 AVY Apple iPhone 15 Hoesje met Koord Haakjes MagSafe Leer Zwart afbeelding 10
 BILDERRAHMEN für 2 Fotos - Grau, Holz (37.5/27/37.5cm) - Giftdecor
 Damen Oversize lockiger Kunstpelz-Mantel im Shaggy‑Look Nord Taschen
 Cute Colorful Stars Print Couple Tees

==========

Repeat the data in full. Nothing may be dropped or altered.

 AVY Apple iPhone 15 Hoesje met Koord Haakjes MagSafe Leer Zwart afbeelding 10
 BILDERRAHMEN für 2 Fotos - Grau, Holz (37.5/27/37.5cm) - Giftdecor
 Damen Oversize lockiger Kunstpelz-Mantel im Shaggy‑Look Nord Taschen
 Cute Colorful Stars Print Couple Tees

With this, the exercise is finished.